The Egyptian-headquartered company, whose shares are listed on Nasdaq Dubai, reported a 16 per cent decline in revenue to $962.1m during the three months and saw its operating profit margin decline by 1.2 per cent to 4.2 per cent. However, profit at Besix rose to $10.5m from $1.5m a year ago.
For the nine-month period, net profit was 17.3 per cent higher at $75.4m, despite a 2 per cent decline in revenue to $2.96bn.
The company’s chief executive, Osama Bishai, praised the performance of Besix, which has just completed construction of Legoland Dubai at the Dubai Parks and Resorts site. He said that Besix had managed to increase new awards by 24 per cent this year to €1.4 billion (Dh5.47bn), increasing its total backlog by 10 per cent year-on-year to €3.3bn.

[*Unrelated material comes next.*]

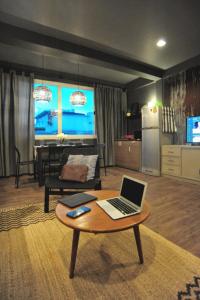 TV a/nebo společenská místnost v ubytování Tuk Tuk House 250m from MRT Sirikit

“Orascom and Besix continue to collaborate on existing and potential projects in Egypt and the region,” he said.
Orascom’s total backlog, including its 50 per cent share in Besix, fell by 2 per cent and stands at just over $9.3bn.
Mr Bishai said the company is continuing to win new infrastructure work in Egypt and in the US through its Weitz and Contrack Watts subsidiaries. Both of these have meant the Orascom Construction has reduced its exposure to Saudi Arabia. The proportion of total revenue earned from the kingdom in the first nine months was just 3 per cent, and its backlog of projects in Saudi Arabia has dropped to just 4.4 per cent, compared with 20.4 per cent in February last year.
The company also said it is not heavily exposed to currency risk in its own market following the recent devaluation of the Egyptian pound because it has “significant foreign currency components” in its backlog. It also anticipates more work in Egypt if the recent measures taken by the government leads to increased investment.
Earlier this month, BMI Research stated that the devaluation in Egypt’s pound could result in a “substantial” increase in inflation. It has forecast that inflation will increase to 30 per cent by the end of the year — up from 14.2 per cent in September.